Moi, je n’ai jamais été invitée dans une émission gratuite et refusé d’y participer, parce que cela n’a pas de sens, mais, je pense que c’est un problème de courage et aussi culturel.  les femmes congolaises ont beaucoup de blocage au niveau de leurs ménages et aussi au niveau de leurs familles, qu’elles doivent dépasser. Je crois qu’une fois qu’on décide de devenir un homme ou une femme publique, on se lance en politique ou dans la société civile, on doit savoir qu’on est un homme ou une femme publique. Pour être un homme ou une femme publique, il faut du courage, savoir comment prendre la parole et partager des opinions, sa vision. Mais, vous savez, toutes ces choses-là, ça s’apprend. Tout le monde pense que les choses sont faciles, or ce n’est pas facile. Je crois qu’il y a beaucoup d’appréhension par rapport à cela, surtout dans des émissions où vous êtes avec des gens qui sont parfois très durs et agressifs, etc… Je rappelle au début quand je faisais l’émission « Profondeur » de Kibambi Shintwa, il m’a fallu beaucoup de courage pour faire face à des professeurs d’universités, à des intellectuels. Vous devez avoir la vivacité nécessaire pour débattre avec toutes ces personnes sur les thématiques dont vous devez parler ce jour-là. Je crois que c’est une question de préparation. Les femmes doivent plus se préparer et il faut avoir un vrai engagement. Souvent, on va en politique pour devenir député comme si c’était un métier. Or, la politique n’est pas un métier, c’est une vocation. On va en politique comme on va en religion. On ne va pas dire, je vais devenir prêtre pour gagner mieux ma vie, non, là vous allez être à côté de la plaque. Moi, je pense qu’il faut surtout prendre la politique comme un sacerdoce.

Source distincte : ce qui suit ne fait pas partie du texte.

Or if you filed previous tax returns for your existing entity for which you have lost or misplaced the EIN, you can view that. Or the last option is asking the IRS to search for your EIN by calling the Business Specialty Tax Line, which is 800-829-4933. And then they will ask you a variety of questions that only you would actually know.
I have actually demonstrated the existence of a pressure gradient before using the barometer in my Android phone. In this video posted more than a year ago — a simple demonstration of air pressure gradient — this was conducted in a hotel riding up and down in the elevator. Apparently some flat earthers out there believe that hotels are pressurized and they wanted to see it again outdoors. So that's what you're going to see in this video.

C’est un engagement dans lequel on ne va pas pour gagner de l’argent parce que l’objectif de la politique c’est améliorer les conditions de la société dans laquelle vous vivez. Voilà. Beaucoup s’engagent comme on dit à Kin, « na ndenge ya loyenge (Ndlr de manière vaille que vaille)», parce que c’est un métier stable. Le gens te disent, si tu es au parlement, tu seras bien pendant cinq ans, tu auras tes émolument. « Où trouverez-vous un tel travail en RDC », demandent-ils souvent.

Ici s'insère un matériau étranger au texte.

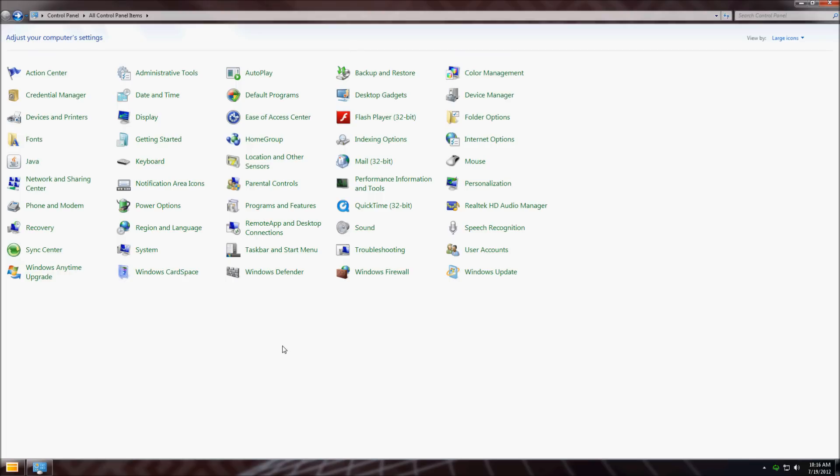Today I'm going to show you how to change your DNS settings from your ISP to Google or OpenDNS.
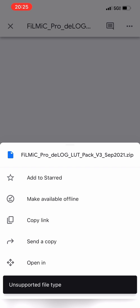It's going to tell you unsupported file type. If that's okay, we can keep going. Click on the little three dots in the upper right-hand corner, and from the pop-up menu select Open In.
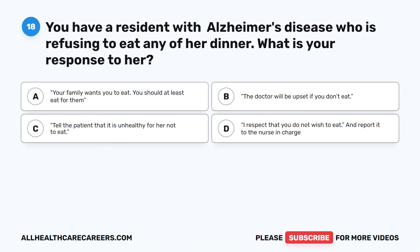Question 18. You have a resident with Alzheimer's disease who is refusing to eat any of her dinner. What is your response to her? A. Your family wants you to eat — you should at least eat for them. B. The doctor will be upset if you don't eat. C. Tell the patient that it is unhealthy for her not to eat. D. I respect that you do not wish to eat, and report it to the nurse in charge.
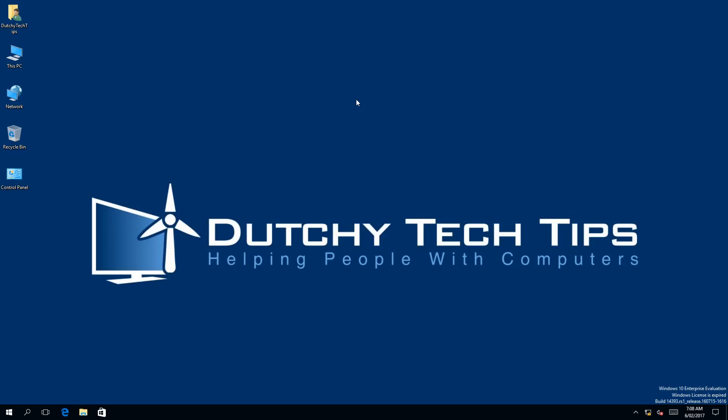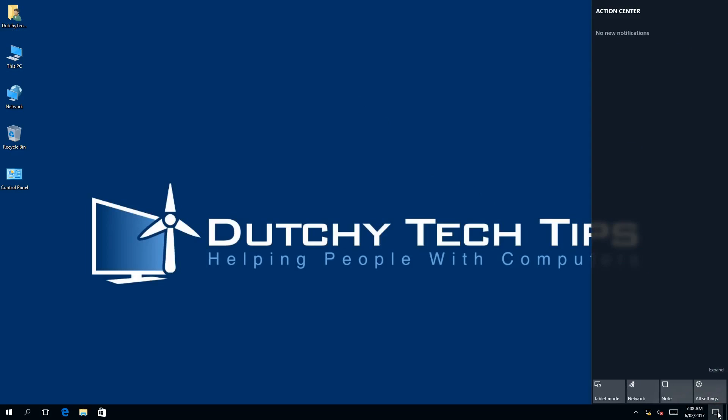To do this, we need to go to our notification window which is on the right hand corner of our taskbar. We need to left click on this which will bring up a window called Action Center.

Vous voyez, on a rabaissé le métier de la politique au Congo, et les hommes et les femmes. Et en général les gens qui ont des grandes capacités préfèrent ne pas se salir dans ces milieux-là parce que ce sont des milieux où on parle beaucoup de corruption, d’arrangements, des magouilles…. Beaucoup de gens qui sont des idéalistes n’y vont pas. Comme on disait aussi, il faut du courage parce que cela peut vous entrainer en prison, à beaucoup de choses. Il y a un ami qui m’avait dit, après une marche qu’on avait faite il y a de cela des années, par rapport à la constitution, ce qui suit : « Tu sais Léonnie, tu dois savoir une chose, ce que quand tu t’engages en politique ou dans la société civile, tu dois être prête à te faire arrêter un jour ». Et là, il faut du courage pour cela. Il n’y a pas beaucoup de femmes qui sont capables. Vous savez, moi j’ai été enfermée pendant une année et 26 jours, en clandestinité, sans voir mes enfants, sans voir ma famille, sans travailler ni gagner d’argent! Combien de personnes sont prêtes à ce sacrifice ? Il faut être prêt à assumer et accepter beaucoup de privatisation. Quand vous voulez participer dans des émissions comme à la radio RFI, vous devez savoir que vos paroles vont compter, vous devez savoir que les paroles que vous dites vont avoir des conséquences sur la marche du pays, sur la vie des citoyens. Alors, est-ce que vous êtes capable d’assumer cela ? C’est cela le vrai problème.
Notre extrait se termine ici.